Current serological tests cannot differentiate between total immunoglobulin A (IgA) and dimeric IgA (dIgA) associated with mucosal immunity. Here, we describe two new assays, dIgA-ELISA and dIgA-multiplex bead assay (MBA), that utilize the preferential binding of dIgA to a chimeric form of secretory component, allowing the differentiation between dIgA and monomeric IgA. dIgA responses elicited through severe acute respiratory syndrome coronavirus 2 (SARS-CoV-2) infection were measured in (i) a longitudinal panel, consisting of 74 samples (n = 20 individuals) from hospitalized cases of coronavirus disease 2019 (COVID-19); (ii) a longitudinal panel, consisting of 96 samples (n = 10 individuals) from individuals with mild COVID-19; (iii) a cross-sectional panel with PCR-confirmed SARS-CoV-2 infection with mild COVID-19 (n = 199) and (iv) pre–COVID-19 samples (n = 200). The dIgA-ELISA and dIgA-MBA demonstrated a specificity for dIgA of 99% and 98.5%, respectively. Analysis of dIgA responses in the longitudinal panels revealed that 70% (ELISA) and 50% (MBA) of patients elicited a dIgA response by day 20 after PCR diagnosis with a SARS-CoV-2 infection. Individuals with mild COVID-19 displayed increased levels of dIgA within the first 3 weeks after diagnosis but responses appeared to be short lived, compared with sustained IgA levels. However, in samples from hospitalized patients with COVID-19 we observed high and sustained levels of dIgA, up to 245 days after PCR diagnosis. Our results suggest that severe COVID-19 infections are associated with sustained levels of plasma dIgA compared with mild cases.
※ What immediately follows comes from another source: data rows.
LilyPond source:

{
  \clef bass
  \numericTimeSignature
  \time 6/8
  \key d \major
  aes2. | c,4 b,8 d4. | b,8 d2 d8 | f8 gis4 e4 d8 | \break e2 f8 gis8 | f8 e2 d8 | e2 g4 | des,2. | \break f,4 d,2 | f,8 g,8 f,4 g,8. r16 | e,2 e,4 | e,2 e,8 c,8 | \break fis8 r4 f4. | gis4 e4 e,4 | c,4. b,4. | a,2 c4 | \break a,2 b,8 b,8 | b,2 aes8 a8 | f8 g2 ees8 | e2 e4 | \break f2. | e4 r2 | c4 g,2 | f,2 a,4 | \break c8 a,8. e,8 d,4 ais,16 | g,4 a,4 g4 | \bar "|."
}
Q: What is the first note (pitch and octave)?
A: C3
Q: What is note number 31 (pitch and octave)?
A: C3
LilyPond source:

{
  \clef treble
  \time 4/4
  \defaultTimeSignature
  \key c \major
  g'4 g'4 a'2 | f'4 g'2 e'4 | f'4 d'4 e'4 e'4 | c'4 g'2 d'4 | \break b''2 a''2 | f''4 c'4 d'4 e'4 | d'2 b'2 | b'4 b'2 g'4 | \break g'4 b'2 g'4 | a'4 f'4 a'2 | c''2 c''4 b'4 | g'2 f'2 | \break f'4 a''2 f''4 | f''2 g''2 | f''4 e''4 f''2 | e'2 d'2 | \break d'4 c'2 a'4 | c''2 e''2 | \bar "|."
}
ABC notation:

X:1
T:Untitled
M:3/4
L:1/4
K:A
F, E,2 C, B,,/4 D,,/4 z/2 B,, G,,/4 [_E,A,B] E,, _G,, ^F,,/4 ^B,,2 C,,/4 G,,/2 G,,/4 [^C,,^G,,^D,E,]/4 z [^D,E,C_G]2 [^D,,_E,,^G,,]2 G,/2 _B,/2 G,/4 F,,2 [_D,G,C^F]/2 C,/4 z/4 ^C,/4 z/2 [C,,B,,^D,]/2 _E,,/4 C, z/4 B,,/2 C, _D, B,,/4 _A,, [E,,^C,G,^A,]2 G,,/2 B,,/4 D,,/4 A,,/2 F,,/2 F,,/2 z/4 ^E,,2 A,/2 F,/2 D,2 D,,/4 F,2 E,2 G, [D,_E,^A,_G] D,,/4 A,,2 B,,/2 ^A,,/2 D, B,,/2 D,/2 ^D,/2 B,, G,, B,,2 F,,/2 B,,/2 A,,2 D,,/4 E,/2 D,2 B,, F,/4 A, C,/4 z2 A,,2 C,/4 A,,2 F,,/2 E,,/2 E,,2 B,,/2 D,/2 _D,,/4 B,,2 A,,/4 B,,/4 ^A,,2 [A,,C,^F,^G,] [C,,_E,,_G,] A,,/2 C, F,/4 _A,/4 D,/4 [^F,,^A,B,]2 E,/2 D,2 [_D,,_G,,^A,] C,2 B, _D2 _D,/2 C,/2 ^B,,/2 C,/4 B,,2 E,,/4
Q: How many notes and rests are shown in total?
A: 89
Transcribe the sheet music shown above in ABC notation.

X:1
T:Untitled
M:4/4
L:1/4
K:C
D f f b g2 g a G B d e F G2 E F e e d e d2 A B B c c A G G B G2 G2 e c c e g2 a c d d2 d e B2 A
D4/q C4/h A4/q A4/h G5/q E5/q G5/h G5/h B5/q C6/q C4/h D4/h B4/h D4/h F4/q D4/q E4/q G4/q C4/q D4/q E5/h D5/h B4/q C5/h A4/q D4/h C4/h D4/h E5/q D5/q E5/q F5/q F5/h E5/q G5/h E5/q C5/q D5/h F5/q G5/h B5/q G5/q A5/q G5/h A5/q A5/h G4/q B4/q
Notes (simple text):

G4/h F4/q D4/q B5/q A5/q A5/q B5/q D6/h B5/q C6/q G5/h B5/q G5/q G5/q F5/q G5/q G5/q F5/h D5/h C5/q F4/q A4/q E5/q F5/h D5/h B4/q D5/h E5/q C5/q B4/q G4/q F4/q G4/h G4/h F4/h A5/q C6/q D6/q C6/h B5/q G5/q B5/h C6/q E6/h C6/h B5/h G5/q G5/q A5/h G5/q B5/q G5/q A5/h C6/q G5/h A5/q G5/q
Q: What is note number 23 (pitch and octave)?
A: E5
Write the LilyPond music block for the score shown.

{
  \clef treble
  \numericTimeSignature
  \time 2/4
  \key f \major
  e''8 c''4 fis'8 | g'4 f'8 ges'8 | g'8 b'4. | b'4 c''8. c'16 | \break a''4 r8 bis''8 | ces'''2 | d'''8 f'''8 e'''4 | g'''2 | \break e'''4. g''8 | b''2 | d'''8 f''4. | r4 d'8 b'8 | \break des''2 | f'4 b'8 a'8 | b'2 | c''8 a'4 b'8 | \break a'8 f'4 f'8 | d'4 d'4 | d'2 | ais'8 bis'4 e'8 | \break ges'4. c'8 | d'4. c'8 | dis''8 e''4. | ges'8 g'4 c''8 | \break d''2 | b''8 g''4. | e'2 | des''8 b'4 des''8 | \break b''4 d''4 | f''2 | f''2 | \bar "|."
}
目前的血清学测试无法区分与粘膜免疫相关的总免疫球蛋白A(IgA)和二聚体IgA(dIgA)。在这里,我们描述了两种新的检测方法,dIgA-ELISA和dIgA多重珠粒检测(MBA),它们利用dIgA与嵌合形式的分泌成分的优先结合,允许dIgA和单体IgA之间的分化。通过严重急性呼吸综合征冠状病毒2型(SARS-CoV-2)感染引起的dIgA反应在(i)由74个样本组成的纵向小组中进行了测量(n = 20人)来自2019冠状病毒病(新冠肺炎)住院病例;(ii)纵向面板,由96个样品(n = 10个个体)来自患有轻度新冠肺炎的个体;(iii)具有PCR证实的患有轻度新冠肺炎的SARS-CoV-2感染的横断面小组(n = 199)和(iv)新冠肺炎前样本(n = 200)。dIgA-ELISA和dIgA-MBA对dIgA的特异性分别为99%和98.5%。对纵向面板中dIgA反应的分析显示,70%(ELISA)和50%(MBA)的患者在PCR诊断为严重急性呼吸系统综合征冠状病毒2型感染后第20天引发dIgA应答。患有轻度新冠肺炎的个体在前3天内表现出dIgA水平升高 诊断后数周,但与持续的IgA水平相比,反应似乎是短暂的。然而,在新冠肺炎住院患者的样本中,我们观察到dIgA的高水平和持续水平,高达245 在PCR诊断后几天。我们的研究结果表明,与轻度病例相比,严重的新冠肺炎感染与血浆dIgA的持续水平有关。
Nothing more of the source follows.